案の定灯りは消えておらず、またエフィさんは負傷兵の元に泊りがけで看病しに行っているのでそっと中を見ることができた。
やたらと本が多いコテージの中で、トレイターさんはどこか寂しそうに、いつも片手に携えている本をじっと見つめていた。時折中を開き、とあるページで手を止めてはため息を繰り返している。
なんとなく声をかけたくなったが、どうかければいいのか。そもそも自分がここにいること自体おかしいのだから、声をかけたら怪しまれるのでは。
後ろ髪を引かれる思いでコテージから数歩離れると、
「……そこにいるのは誰かな?」
中からそんな声が聞こえてきた。後ずさりした時に、足音でも立ててしまっただろうか。逃げようとも思ったが、なぜか足が動かなかった。
「…………なんだ、ストラトか。敵じゃなくてよかったよ。」
思わずびくっと肩を震わせてしまったが、平静を装って「すみません……」と小さく言った。
「いいよ。君のことだし、きっと俺を心配してくれたんでしょ?」
「ど、どうしても気になって……。
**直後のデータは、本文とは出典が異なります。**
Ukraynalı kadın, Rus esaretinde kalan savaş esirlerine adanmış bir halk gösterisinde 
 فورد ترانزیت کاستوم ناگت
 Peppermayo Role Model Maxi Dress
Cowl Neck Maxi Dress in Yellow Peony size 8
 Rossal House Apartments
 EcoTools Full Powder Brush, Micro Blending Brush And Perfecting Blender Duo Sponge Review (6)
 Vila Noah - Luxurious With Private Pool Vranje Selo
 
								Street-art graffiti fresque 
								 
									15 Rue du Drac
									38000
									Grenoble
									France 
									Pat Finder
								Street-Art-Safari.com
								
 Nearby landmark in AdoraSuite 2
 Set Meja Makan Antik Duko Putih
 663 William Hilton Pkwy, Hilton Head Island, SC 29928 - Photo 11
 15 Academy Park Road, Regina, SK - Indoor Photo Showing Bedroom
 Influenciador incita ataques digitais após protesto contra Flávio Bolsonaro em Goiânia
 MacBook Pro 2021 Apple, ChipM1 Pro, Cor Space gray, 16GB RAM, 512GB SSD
け、決して変な意味ではなく!」
「分かってるよ。……ねえ、特に用事とかないなら入りなよ。疲れてて眠いならいいけど……。」
随分と穏やかな、そしてちょっぴり人恋しげなトレイターさんの様子に、僕はその誘いを断ることはできなかった。我ながら、ちょろいと思わないことはない。
「本当に、書物がたくさん……。」
「所謂"ビブリオマニア"ってやつだよ。本に囲まれていないと落ち着かなくてね。」
困った体質だ、とトレイターさんはくすくす笑う。だから本をいつも持ってるのか……と思いつつ本棚を一通り見まわす。医術に関する書籍、魔法に関する書籍、長編小説……。内容は多岐に渡っていた。
が。何故かとある本棚だけ、隣にある本棚とまったく同じ本が並んでいた。
「……ああ、不思議に思った?左の方は俺が昔写生した作品だよ。」
「へっ!?」
言ってなかったっけ、とトレイターさんが困惑する僕に懐かしそうに語り始めた。
「俺は昔、写本師だったんだ。とは言っても、趣味でやってたんだけどね。」
「し、趣味の領域ですかこれ……!?」
「稼ぐ、ということには頭が回らなかったんだろう。恐ろしく純粋だったから。」
「……それは今もですね。」
「そ、そう?」
トレイターさんの昔の話は、エフィさんからもたまに聞くことができる。昔はもっと可愛かっただの、弱々しかっただの。その話をするたびにエフィさんはなんとなくいつもと違う優しい雰囲気になるので、こちらも自然に笑顔になれるのだった。